Nobody needs me to tell him what makes a burden heavy. Everyone can look at his own life and make the list. And even if there is some person who has no worries or sadness for himself, he must be a very lonely person if he is not carrying a burden for someone else whom he loves.
So, in what sense is Christ’s yoke easy and his burden light?
To see why Christ’s saying really is true after all, consider the condition Christ sets for getting the gift he offers of an easy yoke and a light burden: “Come to me,” he says.
To come to someone is to let that person come into you. It is to be open to him, to let his will make a difference to what you yourself will and do. It isn’t safe, generally speaking.
But when the person to whom you come is Christ himself, the vulnerability which openness brings with it is more than matched by the love Christ gives. In the gift of that love, everything that might be loss is turned into gift given and gift received, to be returned again in love.

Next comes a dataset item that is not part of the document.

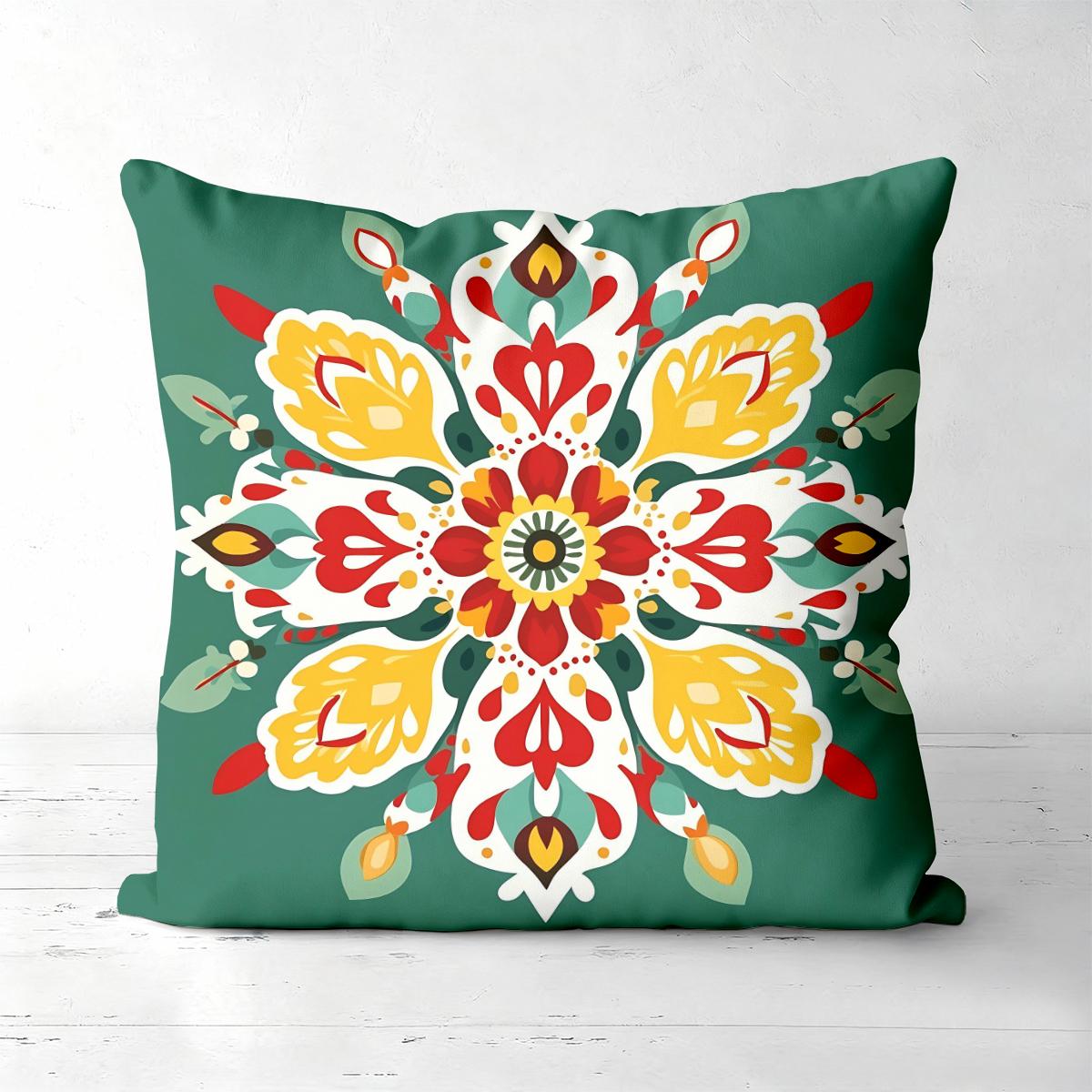 Pieces Bohemian Mandala Throw Pillow Covers Polyester sofa decorative cushion cov Headboard Pillow (Without Pillow Core 40x40cm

Even death is like this. One does not have to come to death as if it were a depredation. Within the love of Christ, what might be only irrevocable loss of the gift of one’s life can become a sharing with Christ too. One can offer one’s life as gift to Christ, with Christ, for Christ, as one goes through death to arrive at life in Christ.
And if the heavy load of death can be lightened in this way, then what Christ says is true about every other heavy burden, too: in coming to him, in shared love with him, we will find that his yoke is easy and his burden is light.